На Колыму Ольга Григорьевна плыла на пароходе Дальстроя. На нем всегда везли заключенных на Колыму. Возили не через Татарский пролив, пролив слишком мелок, а через Лаперузов, мимо Японии. Там однажды один корабль затонул и все заключенные погибли. К счастью, на этот раз корабль прошел, но шторм был страшный. Из-за шторма плыли не десять дней, а две недели. Шторм был самый большой, как казалось, во всяком случае, Ольге Григорьевне. Но она не очень разбиралась в этих баллах и говорила — не то 10, не то 12 баллов. «Все в трюмах валяются, рвут, под себя ходят, сюда же пайки бросают. Многие умерли, и мертвые через живых перекатываются, рвота, блевотина, моча, запах такой стоит. Когда пришли, чтобы в гальюн вести, я одна вышла, больше никто не поднялся.
— Что, больше никто не хочет?
— Вы же видите, у них нет сил подняться. Вы бы мертвых хоть от живых отделили.
— А, все вы мертвые будете. Вас для этого везут.
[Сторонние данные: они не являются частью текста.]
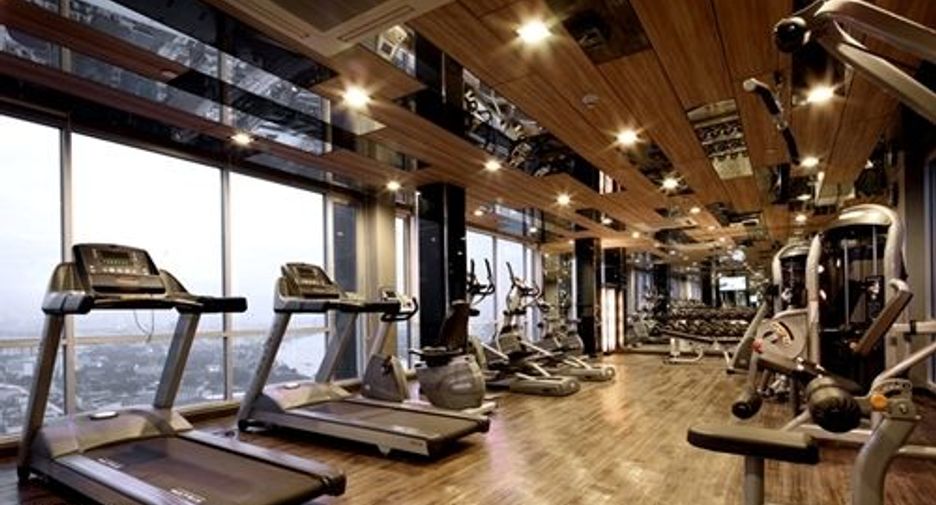 For sale and for rent 2 bedrooms condo in Bang Sue, Bangkok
Я вышла из гальюна, а конвойных нет — то ли забыли, то ли не стали из-за меня одной ждать. А на палубе драги везли, для промывки, для золотых приисков, огромные, брезентом покрыты. Я туда за брезент спряталась от ветра и там до вечера стояла. Холодно и страшно, но все равно лучше, чем в трюме среди блевотины. А страшно! Я никогда такого не видела: шторм, волны, как горы, пароход идет поперек волны. Если он потеряет рулевое управление и встанет вдоль — все! Волна на него обрушится, и он пойдет ко дну. Он то идет наверх — на волну, то вниз. Когда наверх — еще ничего, — все далеко видно, а когда вниз — оказываешься как в пропасти, зеленые стены прямо надо мной, сейчас сверху обрушатся. Перед ночью ушла в трюм — страшно! Бросает, швыряет. Надо же держаться все время, иначе оторвет и полетишь за борт. Потом, когда шторм кончился, пришли, мертвецов описали — на каждого дело ведь едет, и за борт бросили» (с. 176–177).